Well here's a grim 'un to get me started with the Booker-thon 2006.
Robert Edric,in Gathering the Water, takes as his setting the bleak and very Bronte-esque Yorkshire moors in 1847 and the first person narrative of outsider Charles Weightman, employed as the overseer in the final stages of a project to flood the Forge Valley.
Weightman has serious doubts about the motives of his employers and the ethics of his project, plus a whole heap of emotional baggage of his own, as he sets about the eviction of the last inhabitants of the valley.
Winter closes in and the waters rise steadily as does the emotional intensity of the book, almost.
There was a good deal of Yorkshire grit and determination about all this and frequent bouts of that curt old Yorkshire way of using few words,all masquerading as gaps and silences for the reader to fill. Some of the book's potentially emotional moments just about engaged me, but only just, and for this reader the characters sadly stayed firmly rooted to the page.The sun does not shine in this book, to my recollection not a single moment of joy or delight, so if the gods of fortune have been smiling down on you for a while here's one to remind you just how awful life can be.
But hold on, what if that was the master plan? Because I did care more about the devastating take on progress and its effect on the lives of ordinary people and this perhaps is where Robert Edric's less is more strategy came good.

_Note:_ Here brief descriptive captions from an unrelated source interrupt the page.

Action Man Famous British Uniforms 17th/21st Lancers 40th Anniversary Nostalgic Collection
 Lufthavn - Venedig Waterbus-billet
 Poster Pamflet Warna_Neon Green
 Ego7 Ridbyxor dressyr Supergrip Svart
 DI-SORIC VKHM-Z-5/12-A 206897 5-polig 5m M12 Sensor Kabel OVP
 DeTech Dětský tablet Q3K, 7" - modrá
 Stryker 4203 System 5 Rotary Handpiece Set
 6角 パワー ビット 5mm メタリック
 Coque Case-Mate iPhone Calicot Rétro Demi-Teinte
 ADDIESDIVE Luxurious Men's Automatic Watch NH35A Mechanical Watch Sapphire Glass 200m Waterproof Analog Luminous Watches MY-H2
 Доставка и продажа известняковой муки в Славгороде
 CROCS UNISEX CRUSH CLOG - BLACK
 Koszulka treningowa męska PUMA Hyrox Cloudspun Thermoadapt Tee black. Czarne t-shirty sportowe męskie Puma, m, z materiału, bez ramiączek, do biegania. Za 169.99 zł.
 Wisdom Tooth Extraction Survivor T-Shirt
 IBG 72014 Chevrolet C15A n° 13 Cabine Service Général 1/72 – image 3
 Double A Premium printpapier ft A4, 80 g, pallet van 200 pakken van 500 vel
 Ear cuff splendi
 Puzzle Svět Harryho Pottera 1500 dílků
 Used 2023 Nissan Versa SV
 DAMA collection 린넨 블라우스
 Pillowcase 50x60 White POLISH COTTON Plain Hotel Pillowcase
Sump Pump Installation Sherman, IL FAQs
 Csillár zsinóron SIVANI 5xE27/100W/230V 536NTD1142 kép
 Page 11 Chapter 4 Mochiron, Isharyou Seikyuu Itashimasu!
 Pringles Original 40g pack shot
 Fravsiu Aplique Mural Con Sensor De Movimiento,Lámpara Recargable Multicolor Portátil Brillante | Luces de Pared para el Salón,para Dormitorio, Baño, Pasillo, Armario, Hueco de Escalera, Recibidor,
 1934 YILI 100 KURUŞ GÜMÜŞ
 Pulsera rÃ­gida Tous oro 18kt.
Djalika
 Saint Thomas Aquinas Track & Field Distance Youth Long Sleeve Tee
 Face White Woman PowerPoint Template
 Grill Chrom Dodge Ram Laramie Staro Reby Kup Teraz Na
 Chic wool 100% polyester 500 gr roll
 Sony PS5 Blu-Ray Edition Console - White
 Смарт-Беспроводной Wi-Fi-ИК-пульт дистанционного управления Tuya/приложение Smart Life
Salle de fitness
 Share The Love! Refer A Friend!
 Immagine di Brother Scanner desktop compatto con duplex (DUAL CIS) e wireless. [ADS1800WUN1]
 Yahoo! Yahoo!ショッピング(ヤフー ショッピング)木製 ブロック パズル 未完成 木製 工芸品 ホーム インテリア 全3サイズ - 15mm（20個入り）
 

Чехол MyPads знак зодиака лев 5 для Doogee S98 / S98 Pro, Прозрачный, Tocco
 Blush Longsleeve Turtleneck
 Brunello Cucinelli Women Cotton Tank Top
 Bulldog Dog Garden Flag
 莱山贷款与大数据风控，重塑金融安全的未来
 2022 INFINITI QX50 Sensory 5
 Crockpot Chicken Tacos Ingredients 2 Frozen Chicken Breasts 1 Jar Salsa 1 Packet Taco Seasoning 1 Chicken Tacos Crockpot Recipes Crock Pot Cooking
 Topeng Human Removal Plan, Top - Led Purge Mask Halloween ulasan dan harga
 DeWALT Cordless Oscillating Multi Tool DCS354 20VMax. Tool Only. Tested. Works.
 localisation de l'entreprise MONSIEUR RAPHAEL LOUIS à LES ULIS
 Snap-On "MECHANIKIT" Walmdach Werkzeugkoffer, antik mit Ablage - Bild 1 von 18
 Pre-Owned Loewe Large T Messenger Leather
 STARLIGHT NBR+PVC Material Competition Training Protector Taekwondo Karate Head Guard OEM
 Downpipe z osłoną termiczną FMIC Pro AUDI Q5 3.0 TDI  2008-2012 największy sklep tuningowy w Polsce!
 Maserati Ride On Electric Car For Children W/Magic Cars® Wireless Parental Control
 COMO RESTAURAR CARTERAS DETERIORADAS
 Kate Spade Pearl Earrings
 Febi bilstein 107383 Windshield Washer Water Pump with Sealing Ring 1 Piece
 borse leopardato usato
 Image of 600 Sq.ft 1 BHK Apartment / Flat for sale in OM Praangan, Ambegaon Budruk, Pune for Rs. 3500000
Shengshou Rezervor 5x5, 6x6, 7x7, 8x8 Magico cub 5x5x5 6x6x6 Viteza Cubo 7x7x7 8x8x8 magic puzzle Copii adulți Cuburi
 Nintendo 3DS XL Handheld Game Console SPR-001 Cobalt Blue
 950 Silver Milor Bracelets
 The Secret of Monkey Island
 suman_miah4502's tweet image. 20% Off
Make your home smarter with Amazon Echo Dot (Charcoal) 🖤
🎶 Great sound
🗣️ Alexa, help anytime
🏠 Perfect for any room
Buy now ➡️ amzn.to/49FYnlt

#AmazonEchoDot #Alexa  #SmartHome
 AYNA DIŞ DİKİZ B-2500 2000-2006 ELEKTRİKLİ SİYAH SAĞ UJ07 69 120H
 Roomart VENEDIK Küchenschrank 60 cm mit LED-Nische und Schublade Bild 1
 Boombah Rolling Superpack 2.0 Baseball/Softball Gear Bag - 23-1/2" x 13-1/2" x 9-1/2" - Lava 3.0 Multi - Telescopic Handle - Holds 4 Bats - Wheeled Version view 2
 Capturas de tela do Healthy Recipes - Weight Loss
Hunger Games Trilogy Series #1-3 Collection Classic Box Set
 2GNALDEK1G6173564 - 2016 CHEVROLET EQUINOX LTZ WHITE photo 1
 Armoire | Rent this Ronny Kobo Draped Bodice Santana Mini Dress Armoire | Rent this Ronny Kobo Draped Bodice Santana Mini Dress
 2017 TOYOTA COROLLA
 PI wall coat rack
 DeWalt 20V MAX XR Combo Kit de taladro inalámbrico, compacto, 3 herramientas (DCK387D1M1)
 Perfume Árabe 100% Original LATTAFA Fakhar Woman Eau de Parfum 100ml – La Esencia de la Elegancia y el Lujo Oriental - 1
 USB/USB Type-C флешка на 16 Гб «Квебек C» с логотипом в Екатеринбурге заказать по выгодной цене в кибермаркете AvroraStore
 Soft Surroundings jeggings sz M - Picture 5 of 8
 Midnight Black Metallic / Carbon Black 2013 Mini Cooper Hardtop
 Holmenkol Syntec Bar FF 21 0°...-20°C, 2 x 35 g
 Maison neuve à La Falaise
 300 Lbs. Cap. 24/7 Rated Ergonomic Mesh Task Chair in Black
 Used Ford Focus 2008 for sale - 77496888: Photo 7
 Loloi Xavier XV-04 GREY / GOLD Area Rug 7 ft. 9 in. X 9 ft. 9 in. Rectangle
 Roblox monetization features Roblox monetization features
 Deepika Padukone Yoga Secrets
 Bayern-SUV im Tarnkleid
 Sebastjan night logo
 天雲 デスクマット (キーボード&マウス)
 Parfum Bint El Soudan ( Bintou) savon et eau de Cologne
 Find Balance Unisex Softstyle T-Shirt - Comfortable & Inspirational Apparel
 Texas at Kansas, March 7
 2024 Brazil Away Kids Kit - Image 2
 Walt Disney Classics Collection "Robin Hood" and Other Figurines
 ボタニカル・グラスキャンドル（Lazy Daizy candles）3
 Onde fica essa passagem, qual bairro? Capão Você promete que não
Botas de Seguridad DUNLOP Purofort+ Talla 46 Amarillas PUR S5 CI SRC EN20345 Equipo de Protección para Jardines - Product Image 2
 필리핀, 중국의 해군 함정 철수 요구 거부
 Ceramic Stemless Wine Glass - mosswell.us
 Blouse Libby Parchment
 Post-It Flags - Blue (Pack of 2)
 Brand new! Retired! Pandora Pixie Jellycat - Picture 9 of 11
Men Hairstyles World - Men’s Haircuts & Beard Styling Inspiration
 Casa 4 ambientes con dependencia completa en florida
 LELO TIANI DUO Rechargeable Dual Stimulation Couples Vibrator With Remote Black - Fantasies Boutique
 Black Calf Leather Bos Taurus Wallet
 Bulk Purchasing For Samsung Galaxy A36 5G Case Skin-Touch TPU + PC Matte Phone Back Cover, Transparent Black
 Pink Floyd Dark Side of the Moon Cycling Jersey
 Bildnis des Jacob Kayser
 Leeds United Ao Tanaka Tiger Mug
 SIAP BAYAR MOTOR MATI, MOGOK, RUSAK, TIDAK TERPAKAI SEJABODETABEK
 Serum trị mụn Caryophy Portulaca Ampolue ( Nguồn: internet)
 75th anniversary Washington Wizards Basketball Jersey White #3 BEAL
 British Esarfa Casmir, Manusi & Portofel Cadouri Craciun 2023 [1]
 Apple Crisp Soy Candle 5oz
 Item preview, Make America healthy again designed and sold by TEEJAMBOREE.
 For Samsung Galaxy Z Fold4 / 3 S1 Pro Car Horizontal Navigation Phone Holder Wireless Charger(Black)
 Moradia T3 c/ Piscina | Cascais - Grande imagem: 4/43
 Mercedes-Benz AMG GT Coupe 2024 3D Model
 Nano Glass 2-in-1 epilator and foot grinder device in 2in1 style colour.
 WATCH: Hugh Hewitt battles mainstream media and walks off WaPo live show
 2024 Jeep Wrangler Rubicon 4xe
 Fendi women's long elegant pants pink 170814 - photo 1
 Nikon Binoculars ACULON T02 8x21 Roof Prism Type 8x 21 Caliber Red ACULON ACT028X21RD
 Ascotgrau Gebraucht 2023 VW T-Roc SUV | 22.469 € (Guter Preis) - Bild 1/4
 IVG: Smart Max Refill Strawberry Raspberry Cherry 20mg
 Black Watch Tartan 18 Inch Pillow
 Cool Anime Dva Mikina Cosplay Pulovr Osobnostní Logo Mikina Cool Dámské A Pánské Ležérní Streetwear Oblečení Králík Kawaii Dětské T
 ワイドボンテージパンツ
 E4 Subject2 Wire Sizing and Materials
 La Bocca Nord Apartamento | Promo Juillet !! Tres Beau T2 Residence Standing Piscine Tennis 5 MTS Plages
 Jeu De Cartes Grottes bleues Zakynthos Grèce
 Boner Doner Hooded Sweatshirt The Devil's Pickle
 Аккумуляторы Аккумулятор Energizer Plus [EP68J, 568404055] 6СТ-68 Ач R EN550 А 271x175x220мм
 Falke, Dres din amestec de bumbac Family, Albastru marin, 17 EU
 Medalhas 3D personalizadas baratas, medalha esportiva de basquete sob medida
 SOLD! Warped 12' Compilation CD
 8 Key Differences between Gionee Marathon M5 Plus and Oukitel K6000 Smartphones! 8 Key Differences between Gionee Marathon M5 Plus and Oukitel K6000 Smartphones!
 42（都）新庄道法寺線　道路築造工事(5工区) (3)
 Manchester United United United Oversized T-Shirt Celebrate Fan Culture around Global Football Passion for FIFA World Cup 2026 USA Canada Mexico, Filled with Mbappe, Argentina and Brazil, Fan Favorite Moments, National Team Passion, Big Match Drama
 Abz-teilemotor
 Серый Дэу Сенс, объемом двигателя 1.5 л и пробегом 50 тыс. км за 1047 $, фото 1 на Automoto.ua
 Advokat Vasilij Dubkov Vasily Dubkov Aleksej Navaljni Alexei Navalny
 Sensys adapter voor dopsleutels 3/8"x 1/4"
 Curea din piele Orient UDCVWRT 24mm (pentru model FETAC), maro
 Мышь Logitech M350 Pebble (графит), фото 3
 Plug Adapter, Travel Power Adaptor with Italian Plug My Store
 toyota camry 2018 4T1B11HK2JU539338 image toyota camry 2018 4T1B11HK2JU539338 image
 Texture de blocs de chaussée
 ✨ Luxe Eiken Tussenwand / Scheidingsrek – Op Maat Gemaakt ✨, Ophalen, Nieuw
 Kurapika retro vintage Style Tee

Interesting review in The Guardian which leaves me mystified. At times faint in its praise of the book and then that final twist,
"...nearly all the novel's procedural drawbacks are redeemed by the subtlety of its design. Always avoiding the bold declaration for the sideways glance, forever exchanging the promise of resolution for a lingering disquiet, its sparse materials can sometimes seem inadequate for the task in hand. Once again, though, Edric's architectural skills have produced an unexpectedly durable structure. Booker judges take note."
Difficult to make a shortlist verdict before I've even reached the wet sponge table in the Booker-thon 2006, but I'll stick my neck out and say this is not a strong contender and I'll eat a whole Yorkie bar if it makes the cut.